True Stories about myself are often hard to write. However life didn't send me on an easy journey, but it certainly brought me to where I am today.

I have gone through more than I should have, battled storms that I nearly did not survive, but life goes on, and I am on a long road to success.

(My own Qoute)

I know that I have written many stories detailing my journey, but those stories are only a part of myself, and I am ready to share more.

I believe opening up is the way to healing; although I still have many permanent scars from my past, I am enjoying the joys of re-discovering myself today.

Let Us Start With The Painful Beginnings

As a child, many would have thought that I was happy because I was always singing, dancing, reading, writing, and listening to music. I always had a smile on my face,

behind that smile was a very deeply unhappy child. One I was afraid to let others see. Of course, I loved my hobbies; I can't remember a time when I wasn't singing, dancing, or both, and I can't remember a time when there wasn't a pen in my eyes or a book in my hands!

Behind that smile was a child, teenager and young adult who grew up struggling with severe bullying both at school and outside of school.

I was bullied for my love of singing, dancing, and music tastes. I was bullied for my personality, bullied because I didn't learn as fast as the other children, bullied for my clothes, bullied because I refused to hit back, and I was bullied for being soft. I was also sexually abused by another teenager at school.

I can't count how many tears I cried behind closed doors. I had dreams of becoming a singer, dancer, and writer, and I wanted to be where the lights were;

performing on stage, in music, plays, song and many things.

I did a few shows at school, I sang in almost every choir, and took part in most plays, even when I didn't get the part.

My Morley High School singing teacher was gutted, because I was supposed to be a Soprano in the school choir which was involved in a play and concert but I didn't make it, because the school drinking water made me so ill that it nearly killed me. It took me many long weeks of sickness, fever, pain, and struggling hard with food before I recovered from that. I was truly gutted because my special moment which I had been waiting for was right in front of me and I couldn't take it.

I spent many nights sobbing in my pillow because I missed my part in that play and concert.

I took part and rehearsed for many things afterwards; though none were like that moment.

That moment was supposed to be my gold; my chance to prove to the world that I could do something great, just for once.

Though it never destroyed my love of music; I am still madly in love with music today.

My dad left us when I was very young. The truth is that it ripped my heart out.

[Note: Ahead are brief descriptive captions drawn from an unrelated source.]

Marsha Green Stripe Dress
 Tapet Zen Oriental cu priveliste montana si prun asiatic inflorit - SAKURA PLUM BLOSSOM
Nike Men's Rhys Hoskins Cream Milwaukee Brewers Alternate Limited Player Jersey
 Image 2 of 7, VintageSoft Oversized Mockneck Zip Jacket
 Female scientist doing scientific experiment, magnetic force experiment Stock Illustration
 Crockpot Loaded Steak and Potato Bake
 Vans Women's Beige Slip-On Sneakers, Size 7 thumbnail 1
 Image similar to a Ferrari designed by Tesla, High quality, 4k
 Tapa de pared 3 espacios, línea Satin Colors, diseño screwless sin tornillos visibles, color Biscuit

I could barely process it and I didn't want to admit it. My heart felt like it was bleeding internally, and there was so much I needed to get out, but I was young, and I had no outlet.

I was quiet before this, but I became depressed, angry, upset, and hurt. Primary School life did not help me either because I was bullied there too.

The bullying followed me to middle school and high school.

I felt ashamed to talk about it because I was the sensitive one. I was always told that I should fight back, but I hated violence, and I hated fighting; as a result, I would stand there and take it. I was afraid to speak out for a very long time.

I didn't speak out until I moved from my first high school to my second high school, and when I tried to speak out, I usually got into trouble, was accused of starting fights, and I got more painful beatings from my peers.

I will add the song that got me through this period. I have loved this song since I was on the potty (confirmed by my mum, who says I used to sing it while potty-training).

However; there is another reason why I loved (and still love this song).

The words from the song were the only way that I could explain the pain that I kept locked up inside me for so long. When I hear this song, it chokes me with tears because it reminds me of what I went through, though at the same time, today, it also reminds me that I got through it, and I am still alive.

Kate Bush: Wuthering Heights (1978)

Video curtsey of YouTube: Accessed by Author, 14/01/2023

Kate Bush sings this song with strong emotion. You can almost hear the feelings of pain that are trapped inside her coming out in the song.

The song lyrics help me to release the pain of being bullied, feeling worthless, and feeling unloved that were trapped inside me at the time, and for many years afterwards.

The bullying was something that I did not just endure in high school. It started properly in primary school, and continued throughout middle school, high school, and into my young adulthood.

It didn't stop until I reached the age of 22 years old. By that point I was falling apart. I had two young children before this, the first being born when I was just 18 years.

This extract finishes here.